He was 85 years old. He was born on 18 March 1936 and died on 11 November 2021). He was a South African politician, who served as state president of South Africa from 1989 to 1994 and as deputy president from 1994 to 1996. As South Africa’s last head of state from the era of white-minority rule, he and his government dismantled the apartheid system and introduced universal suffrage. Ideologically a conservative and an economic liberal, he led the National Party from 1989 to 1997.
Born in Johannesburg, South Africa to an influential Afrikaner family, de Klerk studied at Potchefstroom University before pursuing a career in law. Joining the National Party, to which he had family ties, he was elected to parliament and sat in the white-minority government of P. W. Botha, holding a succession of ministerial posts. As a minister, he supported and enforced apartheid, a system of racial segregation that privileged white South Africans.
After Botha resigned in 1989, de Klerk replaced him, first as leader of the National Party and then as State President. Although observers expected him to continue Botha’s defence of apartheid, de Klerk decided to end the policy. He was aware that growing ethnic animosity and violence was leading South Africa into a racial civil war. Amid this violence, the state security forces committed widespread human rights abuses and encouraged violence between the Xhosa and Zulu people, although de Klerk later denied sanctioning such actions. He permitted anti-apartheid marches to take place, legalised a range of previously banned anti-apartheid political parties, and freed imprisoned anti-apartheid activists, including Nelson Mandela. He also dismantled South Africa’s nuclear weapons program.

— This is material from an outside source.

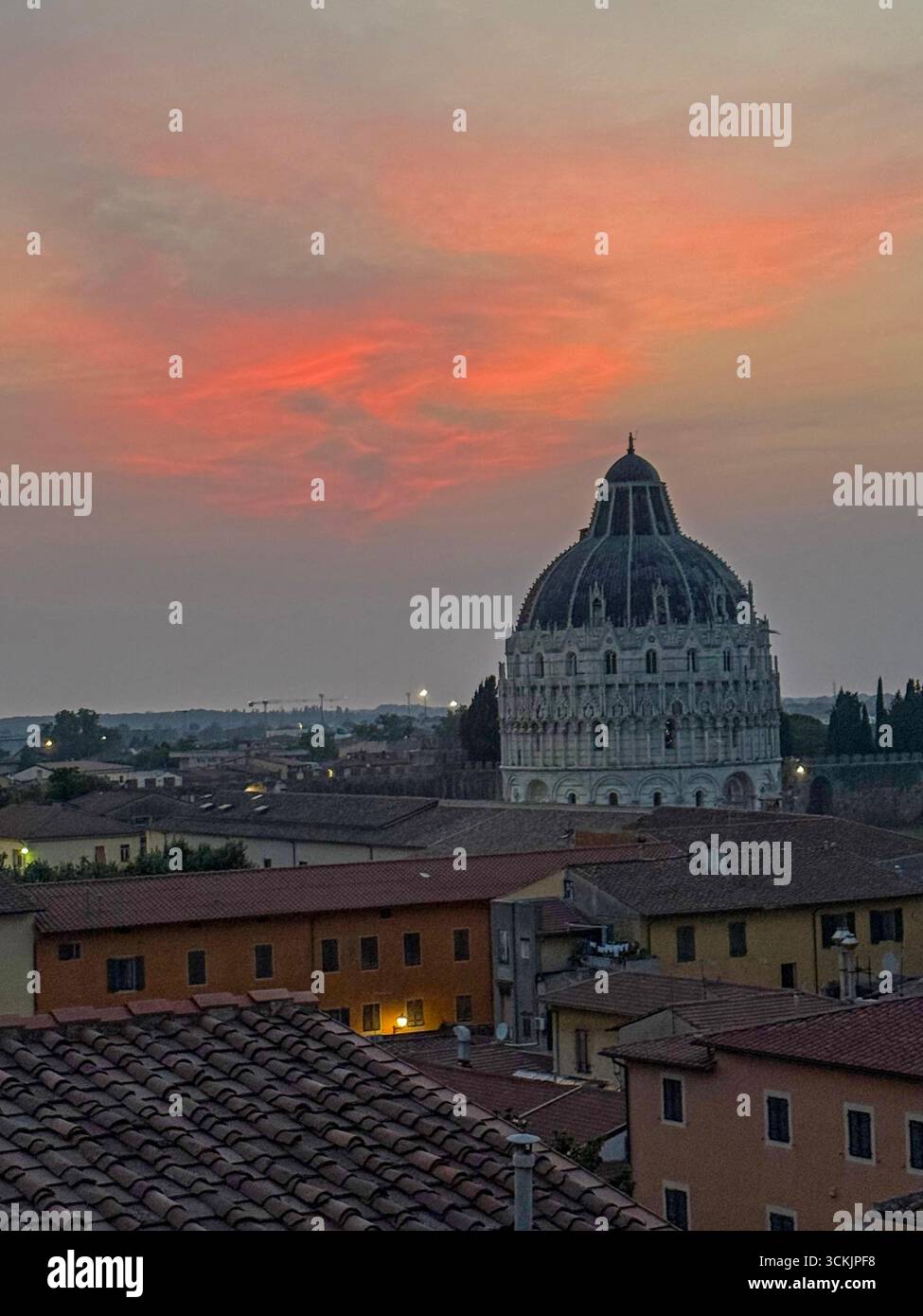 Au crépuscule sur le monument du Baptistère sur la Piazza Del Duomo à Pise dans la région toscane de l'Italie. Banque D'Images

De Klerk negotiated with Mandela to fully dismantle apartheid and establish a transition to universal suffrage. In 1993, he publicly apologised for apartheid’s harmful effects, but not for apartheid itself. He oversaw the 1994 non-racial election in which Mandela led the African National Congress (ANC) to victory; de Klerk’s National Party took second place. De Klerk then became Deputy President in Mandela’s ANC-led coalition, the Government of National Unity.